In addition to history and physical examination, diagnostic MR neurography is used to rule out neoplastic neuropathies, identify abnormal nerves, and localize the site of impairment. On diagnostic MR neurography, signs of nonneoplastic neuropathy include enlargement of a nerve, abnormal T2 prolongation, effacement of the fascicular-like internal structure, irregularity and thickening of the mesoneurium, perineurium, and epineurium, impaired axonal flow, and perineural soft tissue scarring.

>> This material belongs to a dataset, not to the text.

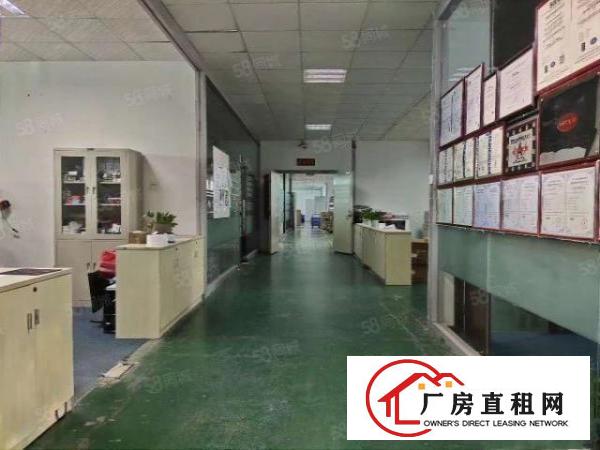  龙岗中心城正中时代附近新出1200平厂房出租100平起分租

In concert with history, a skilled physical examination, targeted conductive nerve studies, and high-spatial-resolution diagnostic MR neurography, perineural injections are used to identify a pain-mediating nerve and treat neuropathic pain ( Table 1 ). Diagnostic nerve blocks with a local anesthetic are used to prove or disprove that a particular nerve is a substantial contributor to the patient’s pain syndrome. A nerve block may be used to confirm an MR neurographically abnormal-appearing nerve as the pain generator, to identify the pain-mediating nerves in the setting of multiple MR neurographically abnormal-appearing nerves, and to identify a pain-mediating nerve in the case of a normal-appearing MR neurography examination. Perineurally delivered corticosteroids may result in an interruption of inflammatory pathways on a cellular level and sustained pain relief.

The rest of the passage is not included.